Il nuovo Piano fissa obiettivi chiari e misurabili: ridurre l’impatto della specie sulla biodiversità, proteggere le infrastrutture idrauliche, limitare i danni all’agricoltura e prevenire rischi sanitari. La strategia principale non punta all’eradicazione totale — obiettivo difficilmente perseguibile data l’ampia diffusione della specie — ma al controllo numerico delle popolazioni e al loro contenimento spaziale, con due approcci differenziati a seconda delle caratteristiche del territorio.
Una delle novità più significative rispetto al 2010 è il sistema di coordinamento intercomunale obbligatorio: i Comuni non potranno più agire in modo isolato, ma dovranno operare in modo coordinato all’interno di comprensori gestionali definiti sulla base del reticolo idrografico — fiumi, canali e bacini — anziché dei confini amministrativi. Questo perché la nutria si sposta attraverso i corsi d’acqua, e un’azione efficace richiede interventi continui e sincronizzati su aree ampie.
Il Piano prevede anche un monitoraggio sanitario strutturato: i campioni prelevati vengono analizzati dall’Istituto Zooprofilattico Sperimentale della Sardegna, tramite i servizi veterinari delle ASL, per verificare la presenza di leptospirosi, salmonellosi e trichinellosi.
Il testo completo del Piano e i relativi allegati sono disponibili tra i documenti correlati.
Le segnalazioni dei cittadini sono preziose per tenere aggiornata la mappa di distribuzione della specie e rendere più efficace l’attuazione del Piano.
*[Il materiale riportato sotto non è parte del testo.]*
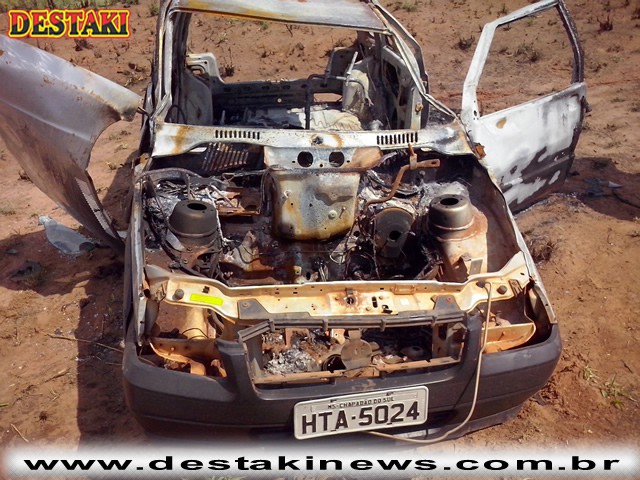 Veículo foi encontrado queimado e sem o motor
“Le operazioni di manipolazione, gestione e soppressione degli animali catturati devono essere svolte in modo da garantire l’assenza di rischi per la sicurezza degli operatori e da evitare inutili sofferenze agli animali, nel rispetto dei principi di benessere animale e delle disposizioni vigenti” si legge nel Piano aggiornato. “La soppressione delle nutrie catturate mediante trappolaggio deve avvenire nel più breve tempo possibile dal momento della cattura. Essa è effettuata mediante sparo ovvero tramite trasferimento in contenitori ermetici, all’interno dei quali gli animali vengono esposti a biossido di carbonio o monossido di carbonio ad elevata concentrazione, assicurando che siano evitati dolore, angoscia e sofferenze non necessari”.